One of my favourite photographs, one of those rare “right place and right time” moments. The colours haven’t been exaggerated. The badlands of Alberta is an area I’ve visited several times, and can’t wait to get back to.
[Since the lock-down means that we can’t hike very far at the moment, every Wednesday I’m remembering a walk from the past.]
The Burgess Pass, 2005
A long time ago L and I headed up and over the Burgess Pass, near Field, British Columbia, Canada. Not all that long a trail, but a long, long uphill trek on a warm day in 2005. It was a perfect mix: the physical activity, the fine weather, the views, lots of fungi, a glacier… And a downhill finish!
My attempts to understand miniaturisation cause me a fair degree of head scratching and beard stroking.

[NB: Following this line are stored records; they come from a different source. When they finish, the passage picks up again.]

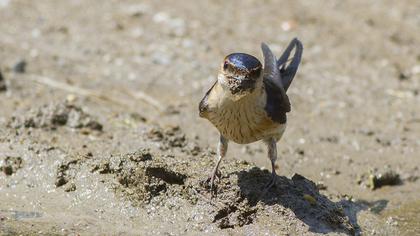 Kızıl kırlangıç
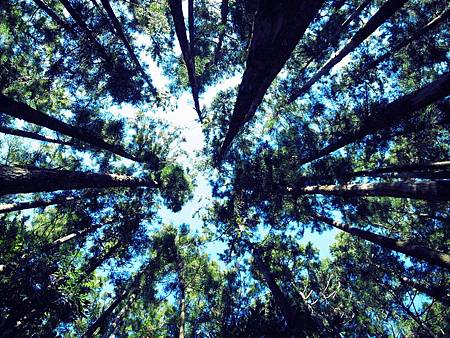 心裡的那片森林。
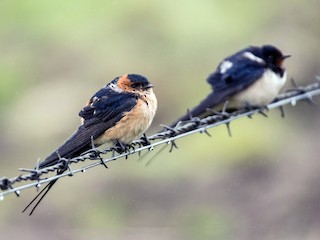 Adult (Red-rumped) (mit Barn Swallow) - Tânia Araújo - ML54015271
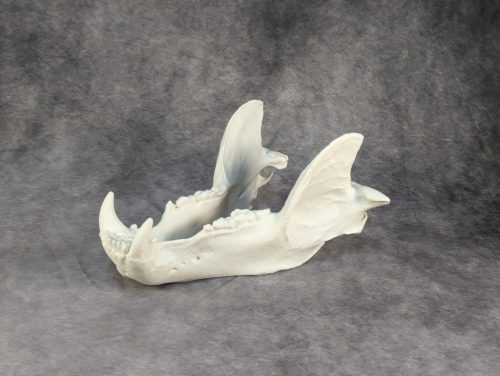 Kodiak-medve Koponya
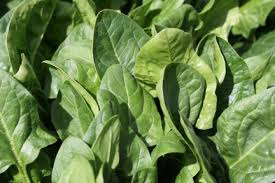 Image result for health benefits of longevity spinach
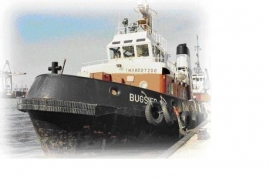 BUGSIER 14  020 117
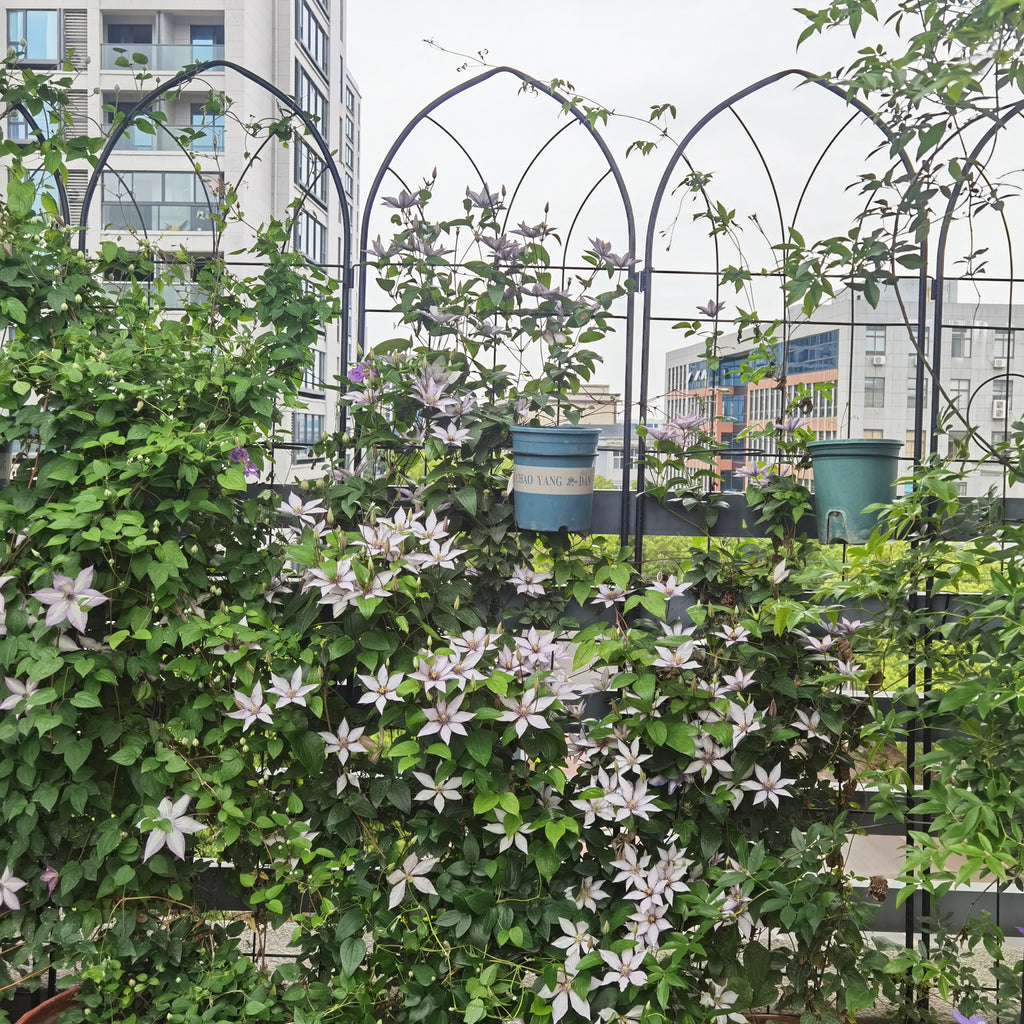 4 Pack Metal Garden Trellis - 78.7" x 19.7"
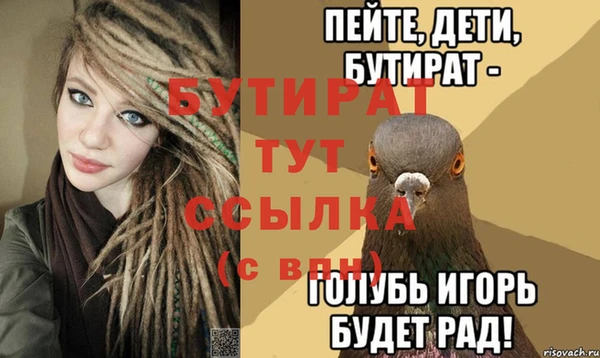 крисы Бородино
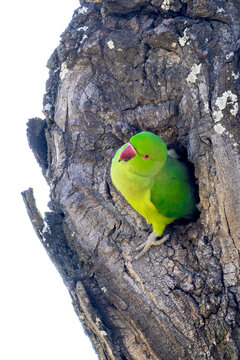 Green parakeet emerging from a tree hollow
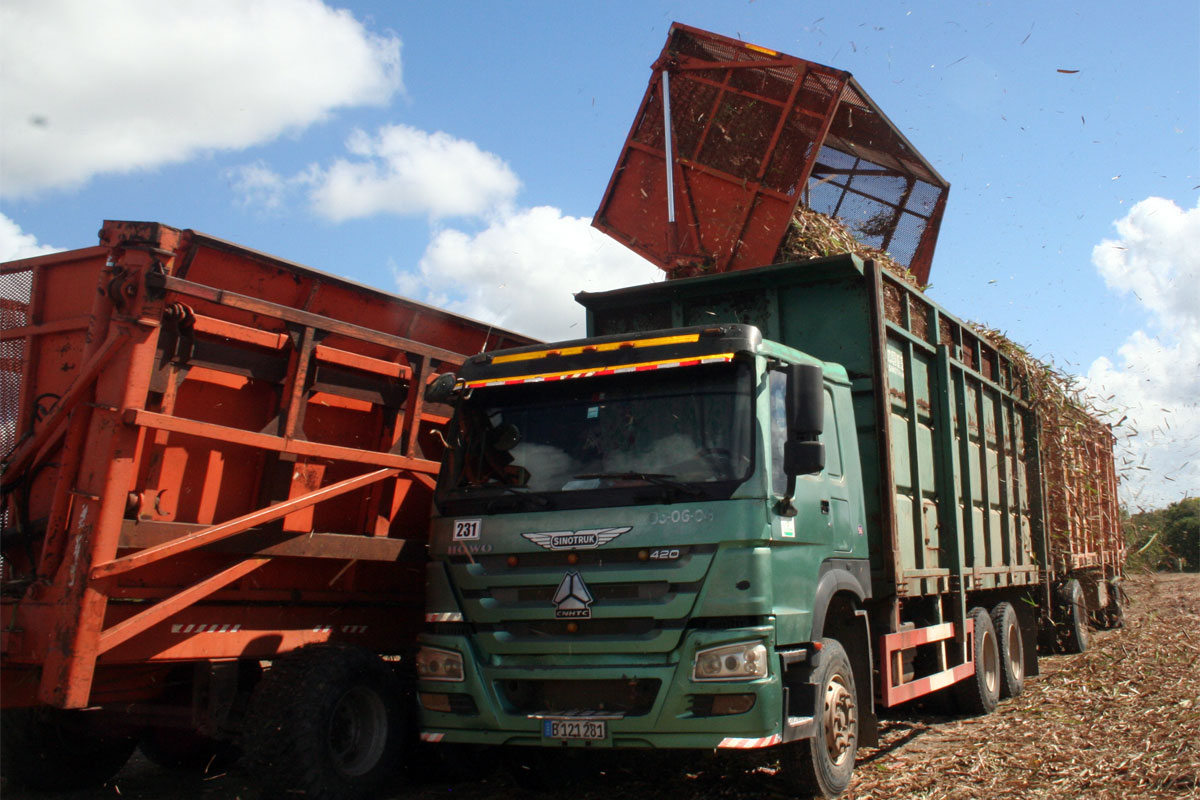 Sistematizar los envíos de materia prima a la industria será decisivo para sostener ritmos de eficiencia fabril. (Foto: Luis Machado Ordetx)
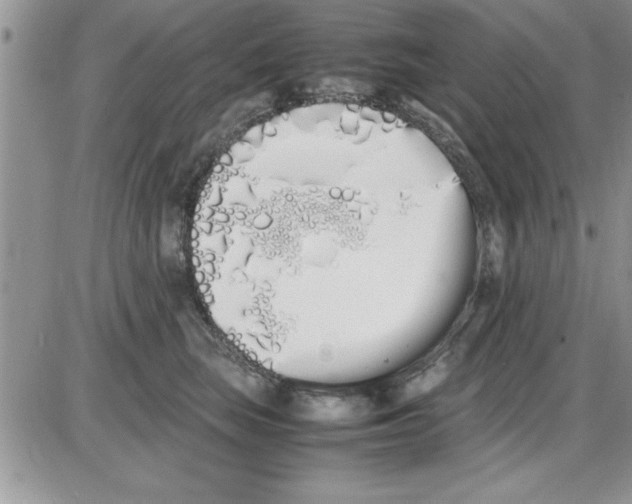 X0000086340663200704272008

Two of the strangest charity shop artefacts in my museum are busty ballerina figurines leaning against giant clocks. This is surely something one is unlikely to see in real life. These figurines beg a number of questions abut the complicated relationships between miniature fantasy and full-sized humans. What prompted the designers to create them? Who bought them and why? What is going through the mind of someone who choses to buy one of these. With their gaudy colours and unconvincing decoration, not to mention the unlikely anatomies of the dancers, they are hardly realistic reproductions of reality.
They feature full-length exposure of long legs. Are they therefore erotic images? If they are intended to be erotic, what does that suggest about our intended reaction to the child ballerina holding a bird?
I suggest that they represent “respectable”, perhaps even unconscious, eroticism.
Despite searching many charity shops, I have yet to come across another ballerina clock. I shall continue my search!
[Every Friday I’m going to post four photographs from my collection. Some will be very recent, others very old. There will be no theme, though of course they provoke memories, of yesterday and of past decades… They will be a varied quality and artistic value, depending on their age and the technologies involved!]
This rather poor scan of a faded 35mm transparency (I will repeat it when I acquire a better scanner) is my only record of my favourite archaeological section, cut through the Roman deposits that lay beneath the playground of what we called the “Schoolyard Site”, a small area behind a soon-to-be-demolished primary school that was my first supervising job. You can’t see them in this scan, but about halfway down the section there was a series of more than a dozen thin clay floors, each a couple of mm thick, that could only be distinguished from each other by breaking the rules and cutting the section at about 45 degrees, so each floor was shown in elongated section. But this vertical section shows that the floors had slipped into the large pot that had been placed deliberately, either to serve as storage or as a small cess pit.
Simply an upside-down mantis.
Lulu Line, 2004
The Lulu Line, that ran North-South through the southern suburbs of Vancouver, Canada, is no more. Its track ripped up, it now serves as a walk/bike trail. By 2004 it was already disused — I last saw and heard a train, a switcher, a single box car and a caboose, rattling along its rusty rails in about 1995.
Burro Creek, 1997
In April 1997 we began a seven-month road trip, down the west coast of the US to the Mexican border, back up, and then across Canada, from west to east coasts, returning via the northern US. The very beginning of the trip was chilly (it snowed in Nevada) and we didn’t linger, but after a long drive we reached warmth, at last, at Burro Creek campground in Arizona’s Sonoran Desert. This was the first photograph, taken as we prepared breakfast.